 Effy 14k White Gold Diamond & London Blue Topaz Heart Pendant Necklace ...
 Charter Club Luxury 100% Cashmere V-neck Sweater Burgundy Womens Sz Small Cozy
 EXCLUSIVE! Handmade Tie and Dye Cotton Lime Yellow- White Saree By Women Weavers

* * *

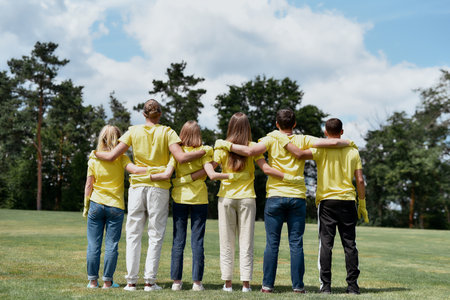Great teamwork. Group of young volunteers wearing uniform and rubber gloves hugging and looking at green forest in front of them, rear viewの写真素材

* * *

### Problem details
Your task is to retype the entries verbatim, starting with the line that holds "Effy 14k White" and stopping after the line that holds "EXCLUSIVE! Handmade Tie".

### Exercise response
 Effy 14k White Gold Diamond & London Blue Topaz Heart Pendant Necklace ...
 Charter Club Luxury 100% Cashmere V-neck Sweater Burgundy Womens Sz Small Cozy
 EXCLUSIVE! Handmade Tie and Dye Cotton Lime Yellow- White Saree By Women Weavers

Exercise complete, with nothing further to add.